==== Records to use ====

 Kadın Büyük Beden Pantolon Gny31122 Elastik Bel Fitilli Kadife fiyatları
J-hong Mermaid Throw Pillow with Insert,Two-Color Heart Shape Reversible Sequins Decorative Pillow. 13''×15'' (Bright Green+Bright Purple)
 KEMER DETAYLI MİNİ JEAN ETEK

====
==== Records to use ====

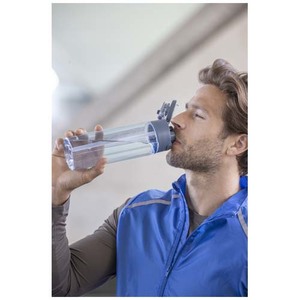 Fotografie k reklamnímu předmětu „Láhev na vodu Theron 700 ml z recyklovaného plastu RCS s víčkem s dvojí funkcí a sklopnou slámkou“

====

Transcribe, exactly and without additions, the lines of the records above, beginning with the line that contains "J-hong Mermaid Throw" and ending with the line that contains "KEMER DETAYLI MİNİ JEAN ETEK", both included.

### Exercise answer:
J-hong Mermaid Throw Pillow with Insert,Two-Color Heart Shape Reversible Sequins Decorative Pillow. 13''×15'' (Bright Green+Bright Purple)
 KEMER DETAYLI MİNİ JEAN ETEK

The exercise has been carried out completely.